Work instructions: Where the listing shows an image, skip it and output all other material unchanged.

Data extract:
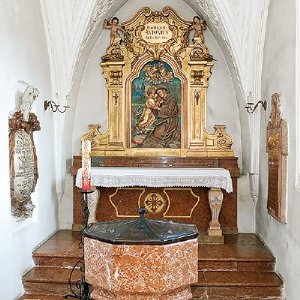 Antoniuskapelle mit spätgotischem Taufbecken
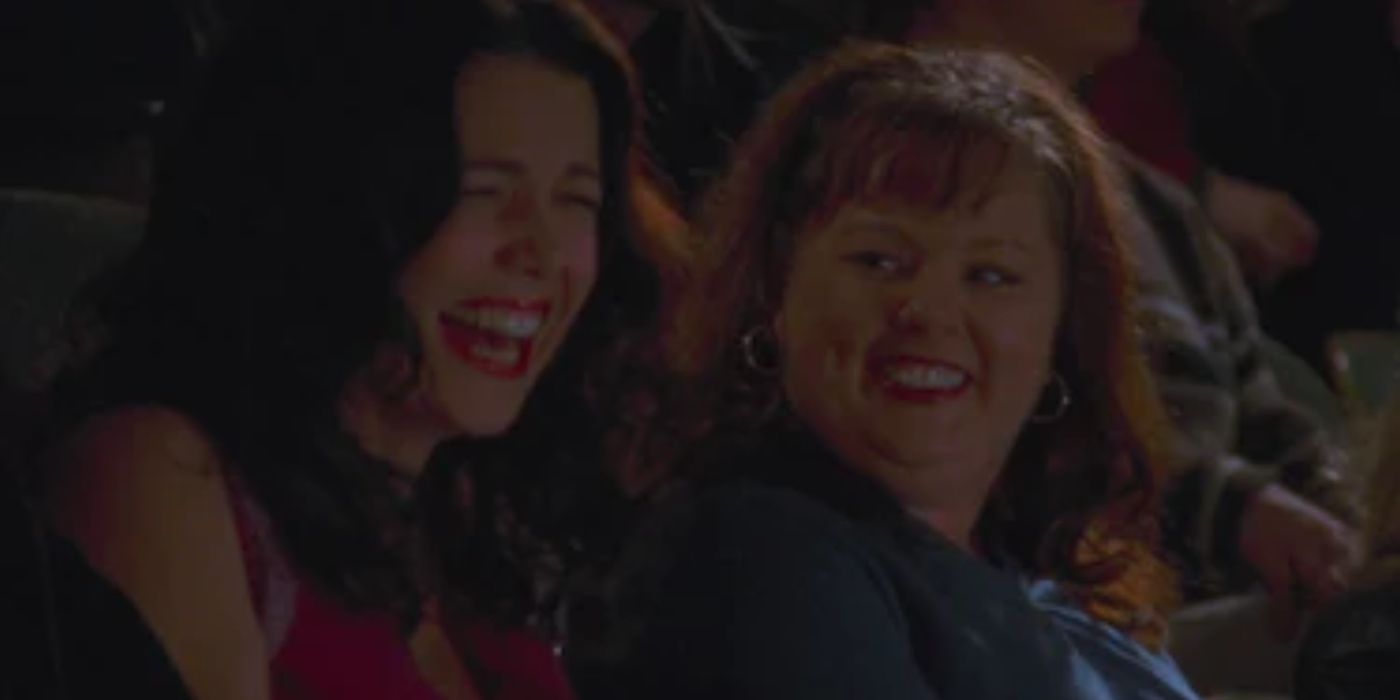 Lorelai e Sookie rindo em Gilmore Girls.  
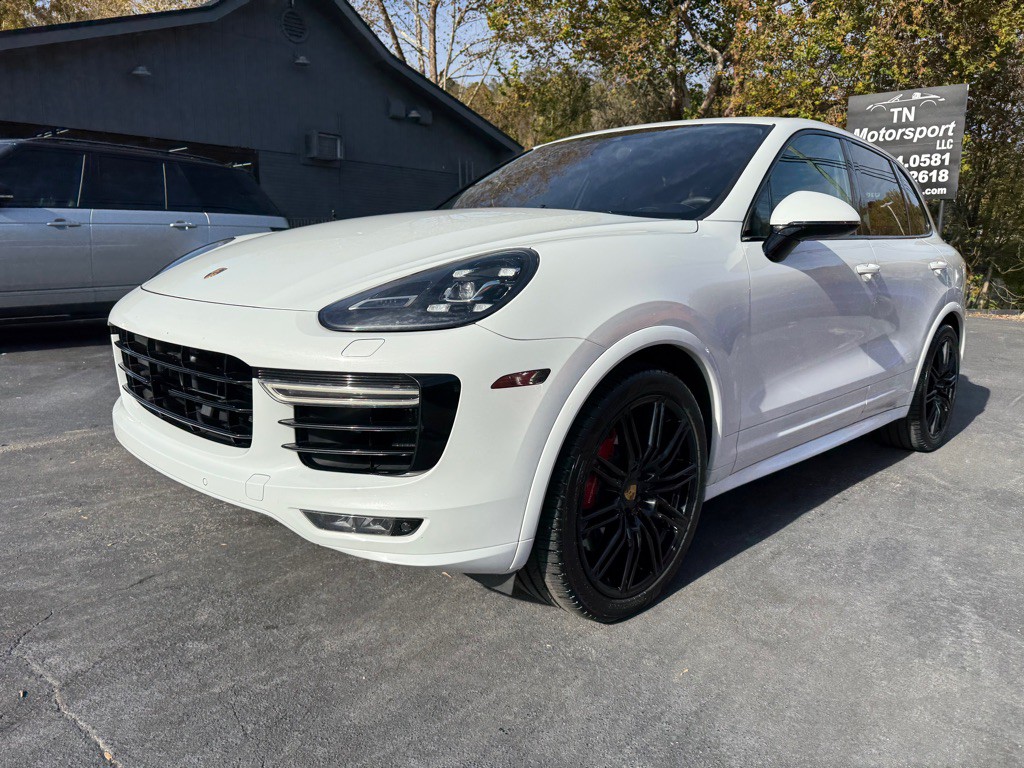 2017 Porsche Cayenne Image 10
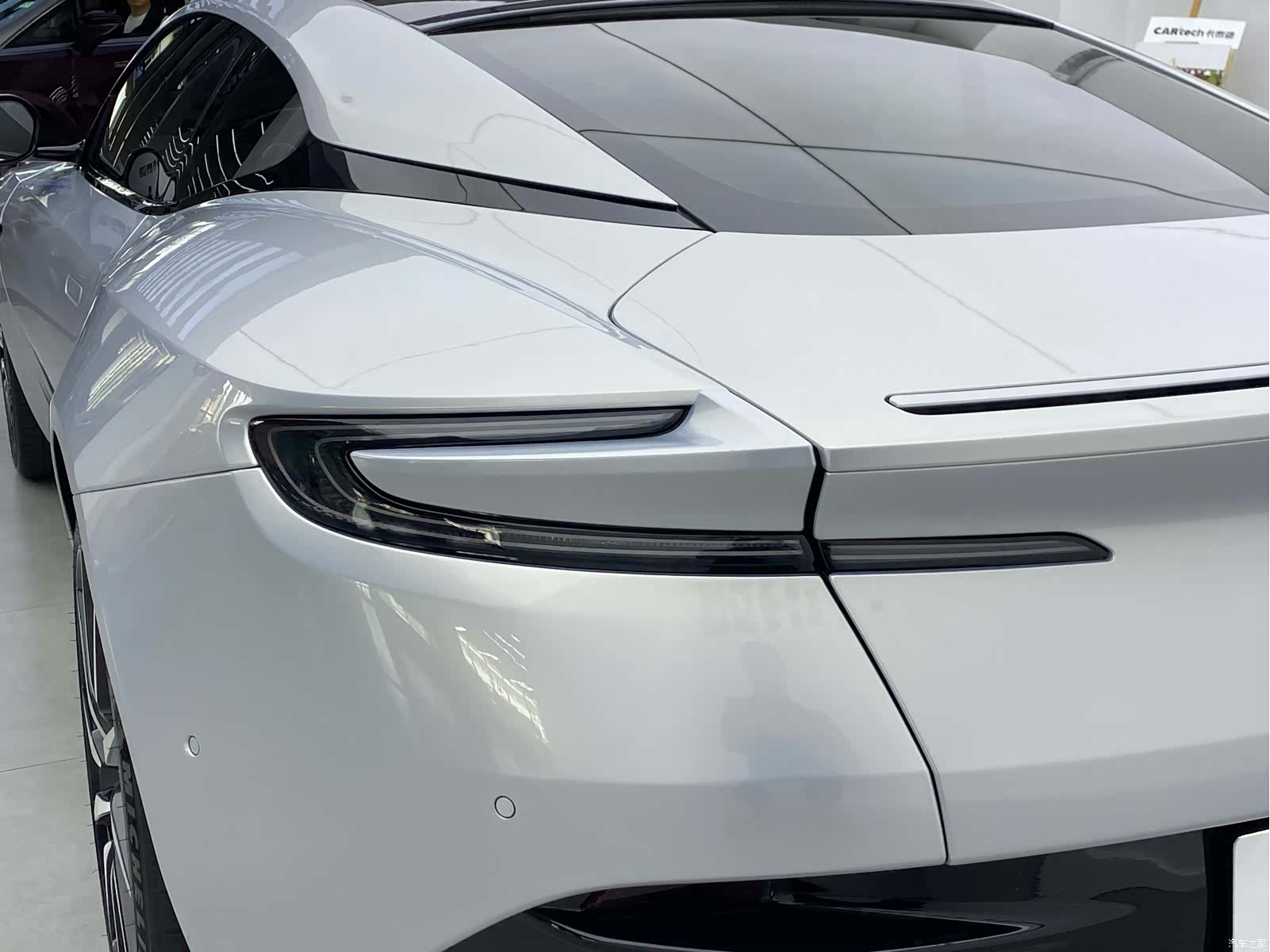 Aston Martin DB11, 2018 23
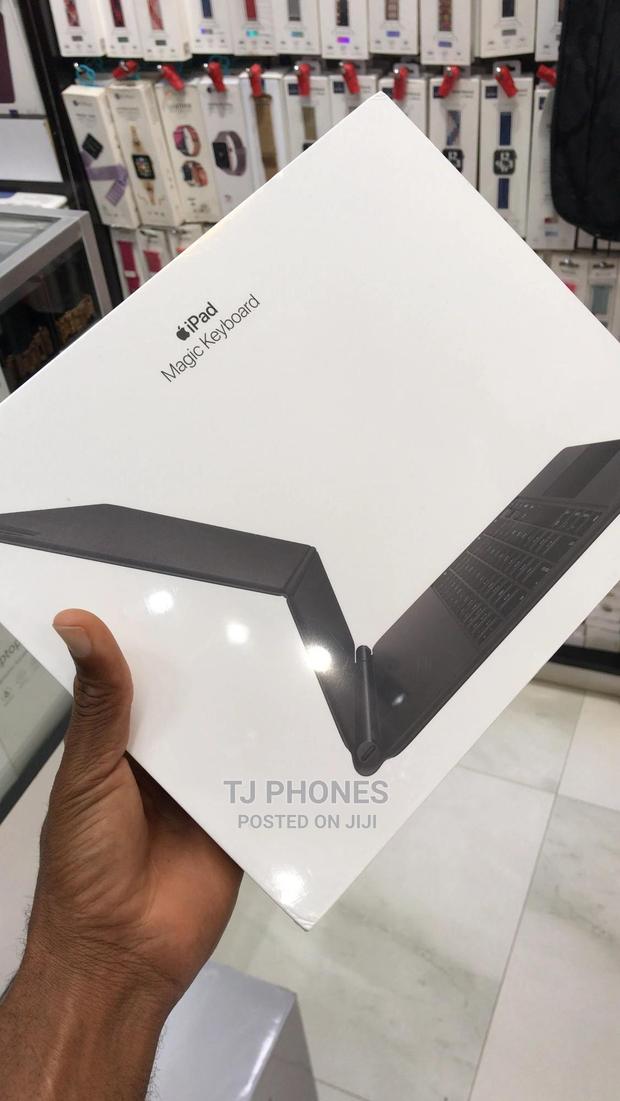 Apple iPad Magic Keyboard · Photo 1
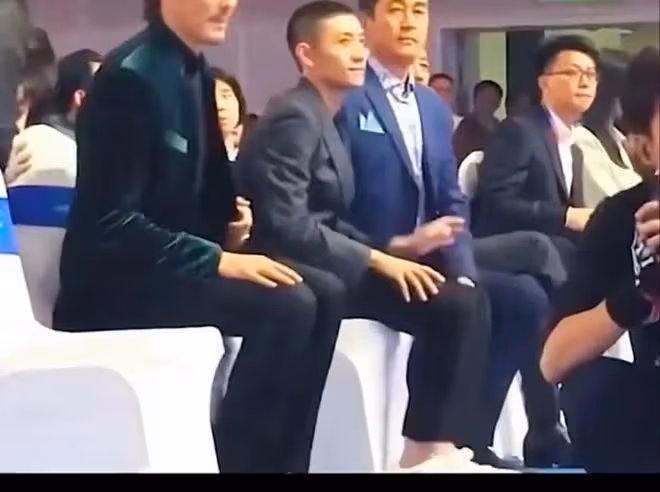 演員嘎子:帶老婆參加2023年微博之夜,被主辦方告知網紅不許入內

Task output:
 Antoniuskapelle mit spätgotischem Taufbecken
 Lorelai e Sookie rindo em Gilmore Girls.  
 2017 Porsche Cayenne Image 10
 Aston Martin DB11, 2018 23
 Apple iPad Magic Keyboard · Photo 1
 演員嘎子:帶老婆參加2023年微博之夜,被主辦方告知網紅不許入內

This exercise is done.